◆ ASSIGNMENT ◆
From the line that contains "Rib Short Sleeve" down to the last line of the data below, restate every line word for word, skipping any images.

===

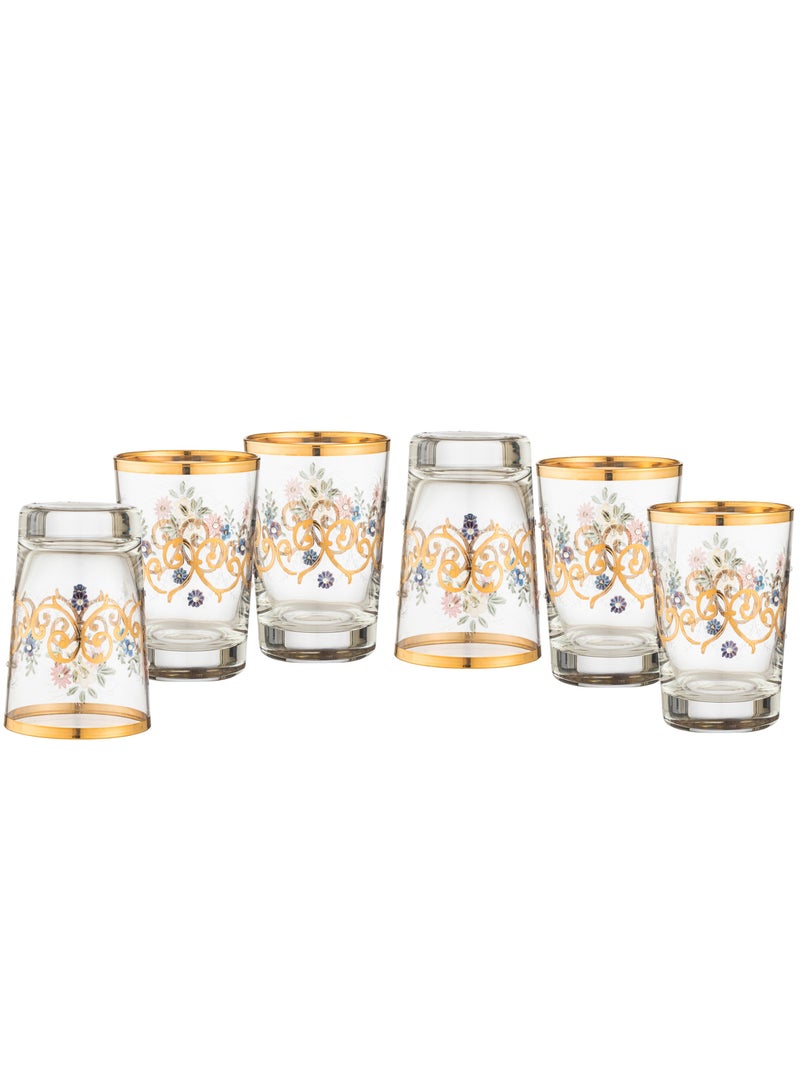Dania Luxury Turkish Crystal Glass Set, Laser Engraving, Gold, 6 Pieces, 160ml, Jasmine Collection - Image 1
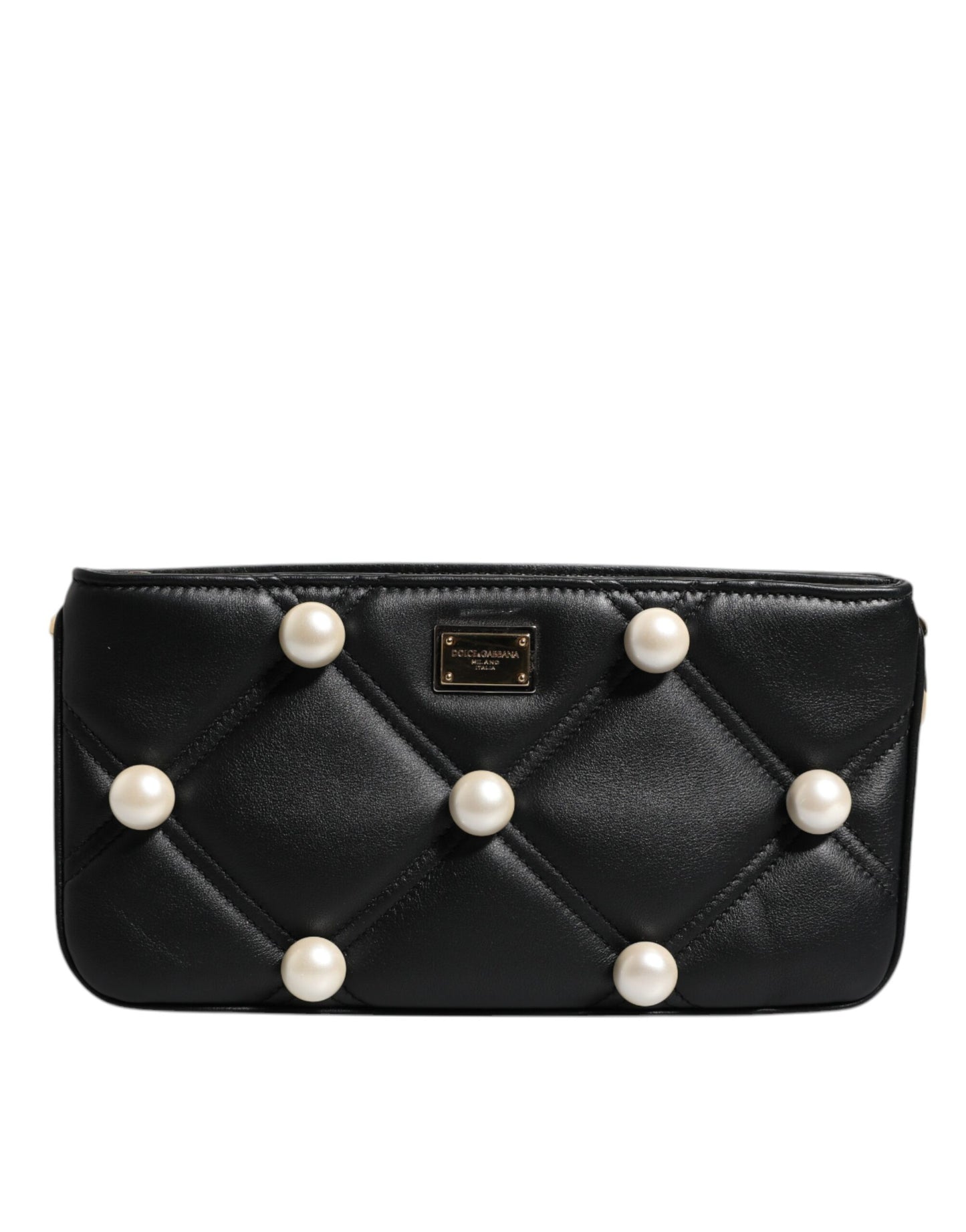 Bolso de hombro de cuero negro con logotipo adornado con perlas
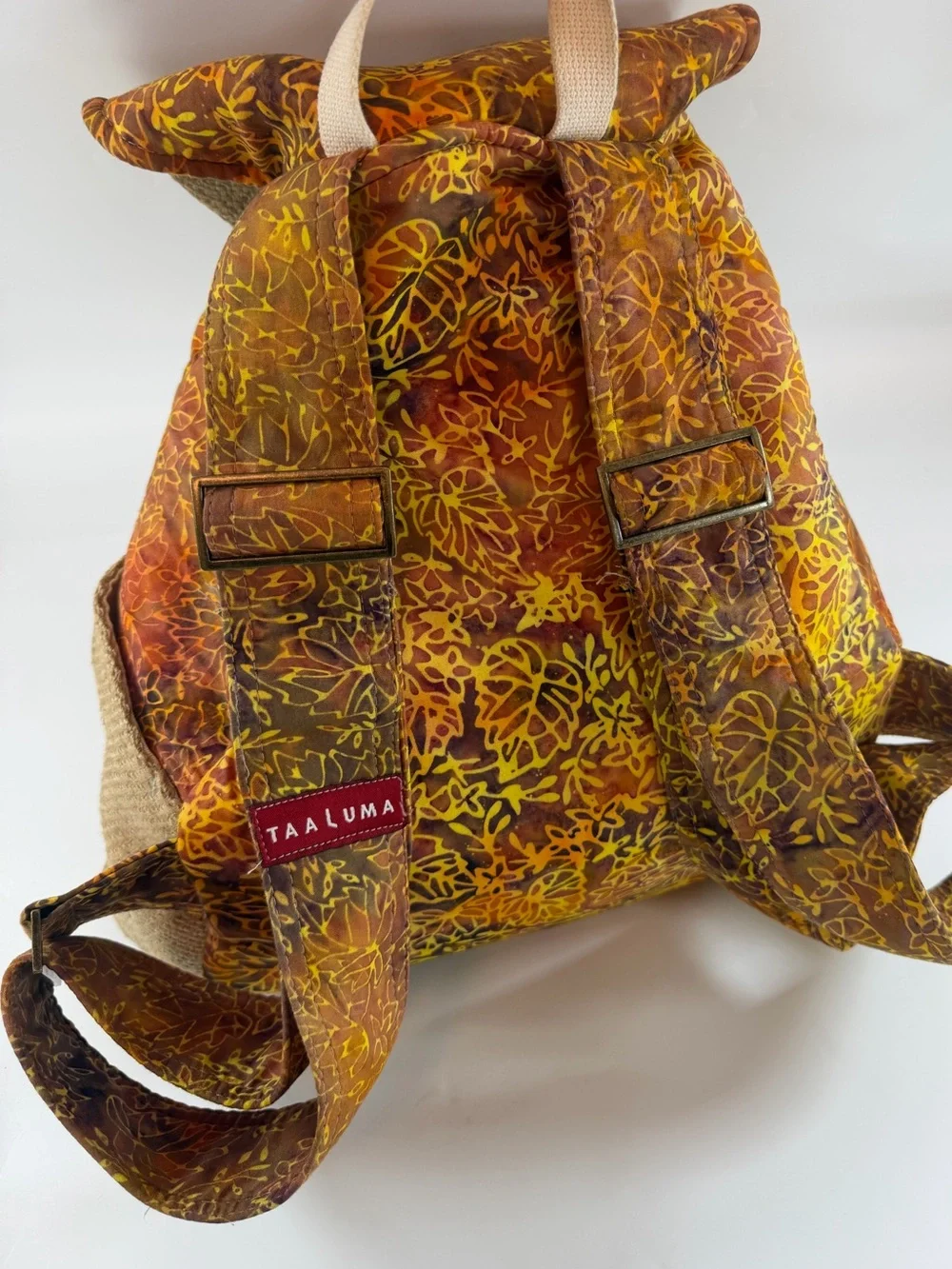 Taaluma Batik Backpack‎ Boho Cottagecore Travel Daypack Brown Floral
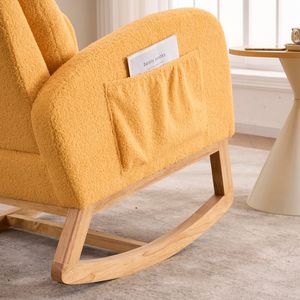 Fauteuil à bascule LY 5104 avec accent jaune, dossier haut, pieds en bois de caoutchouc, 26,77D x 38,36L x 39H pour chambre et salon - Product Image 6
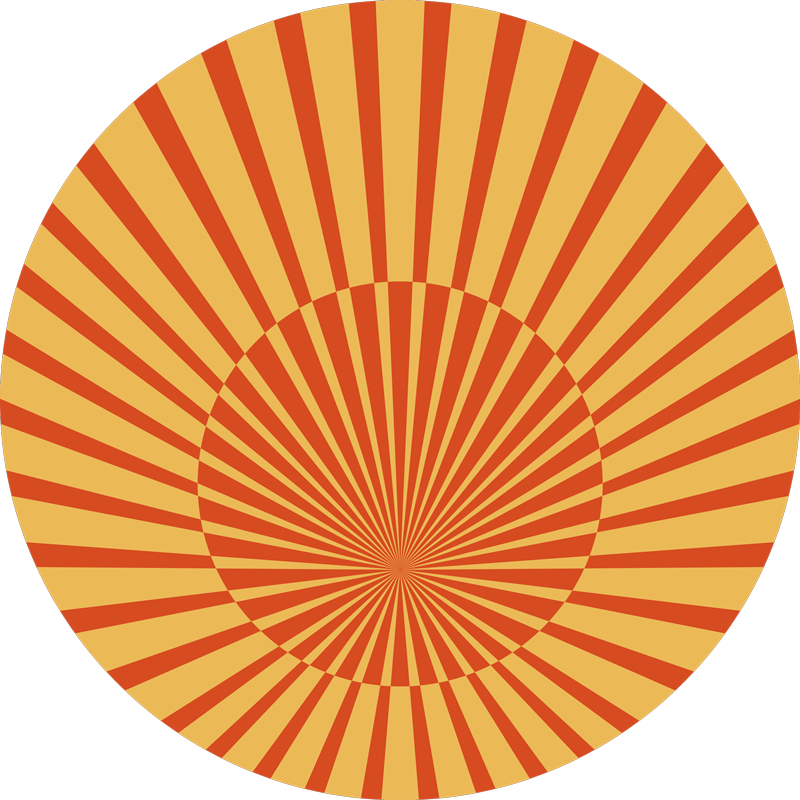 Alfombra vinílica rayas patrón circular de rayos de sol - TenVinilo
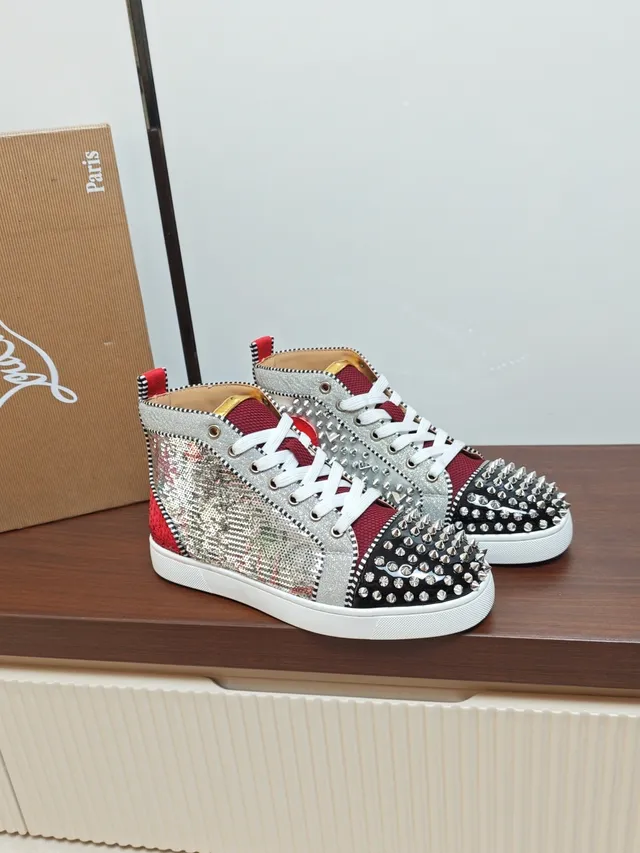 Christian Louboutin Louis Spikes Silver Red High-Top Studded Toe Lifestyle Sneakers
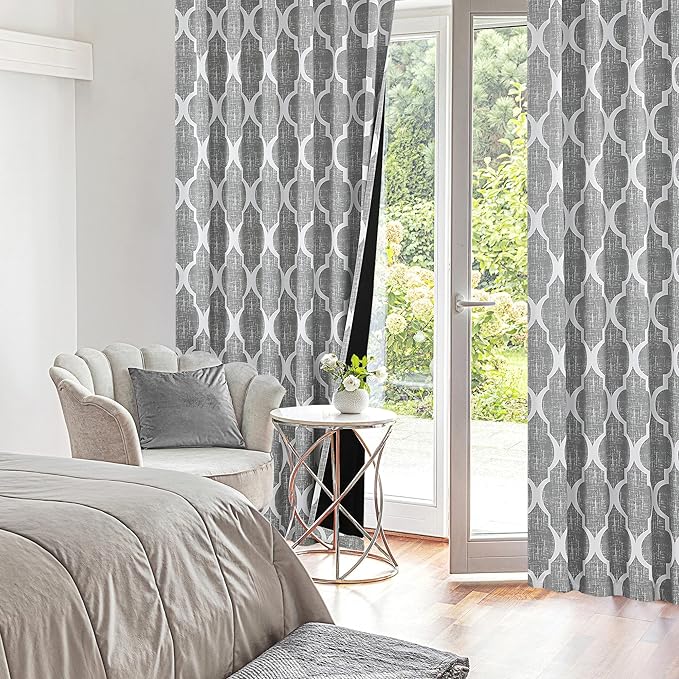 Beauoop 100% Blackout Curtains 84 Inches Long 2 Panels for Bedroom Living Room Grey Moroccan Geo Room Darkening Thermal Insulated Soundproof Rod Pocket Back Tab Window Treatments Drapes, 50x84 - Image 6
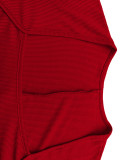 Rib Short Sleeve Square Neck Slim Sport Romper ME-Q24S8520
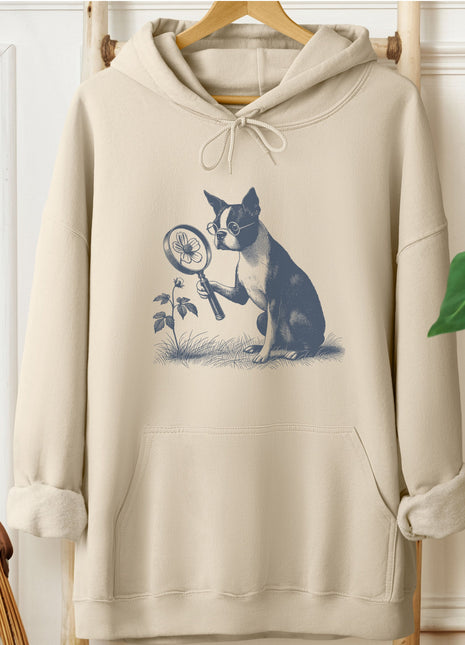 Boston Terrier Botanist Flower Hoodie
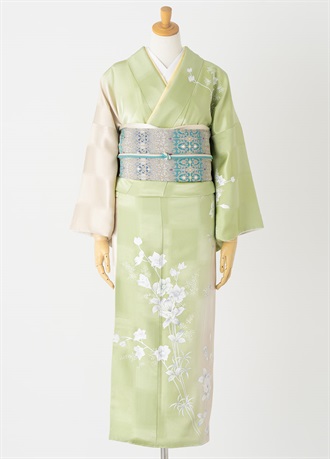 やまとオリジナル訪問着レンタル　黄緑　白い花　L
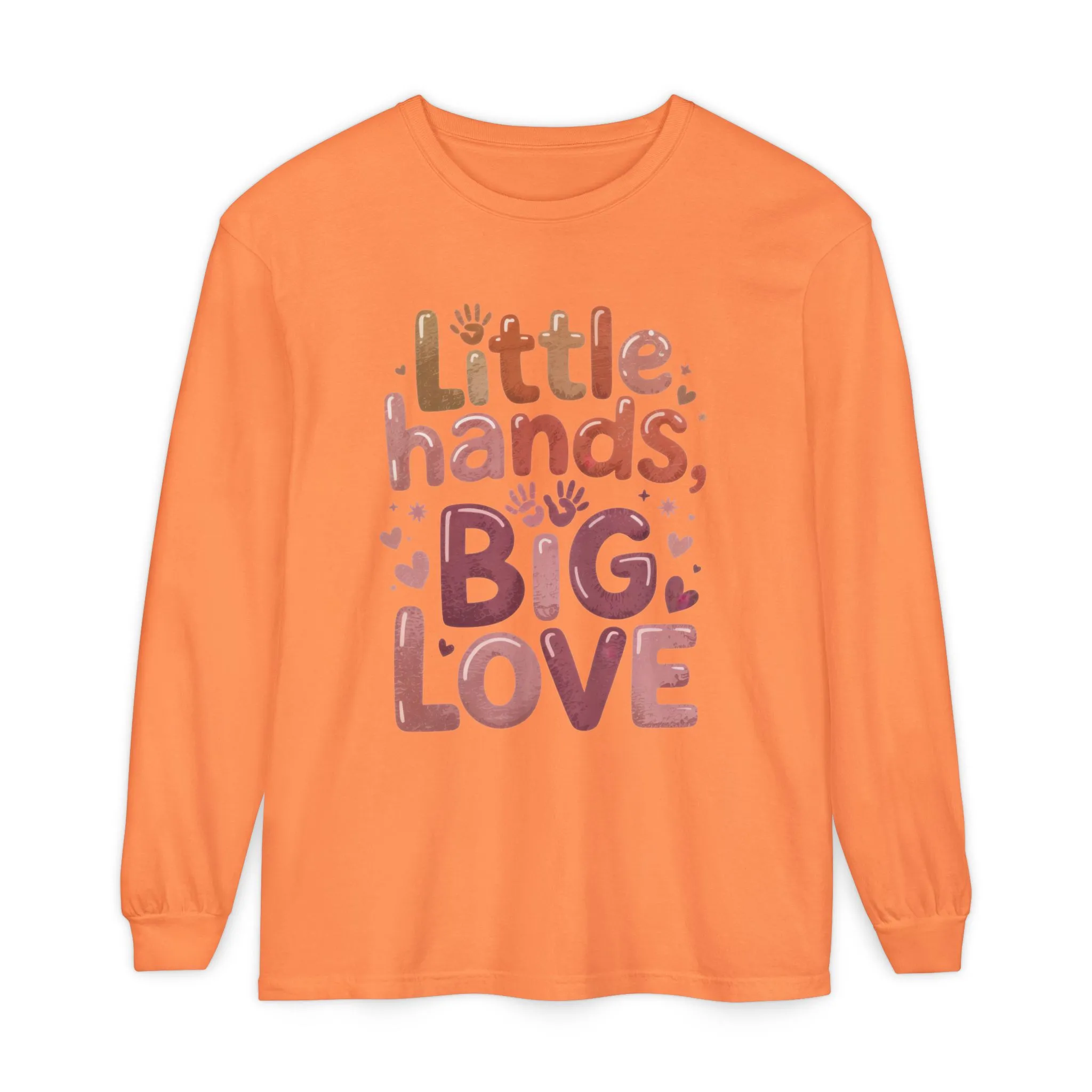 Little Hands, Big Love Long Sleeve T-Shirt, Perfect for Moms Gifts, Cute Mom Long Sleeve T-Shirt, Baby Showers Gift, mother's day Gift - Image 4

===

◆ COMPLETED EXERCISE ◆
 Rib Short Sleeve Square Neck Slim Sport Romper ME-Q24S8520
 Boston Terrier Botanist Flower Hoodie
 やまとオリジナル訪問着レンタル　黄緑　白い花　L
 Little Hands, Big Love Long Sleeve T-Shirt, Perfect for Moms Gifts, Cute Mom Long Sleeve T-Shirt, Baby Showers Gift, mother's day Gift - Image 4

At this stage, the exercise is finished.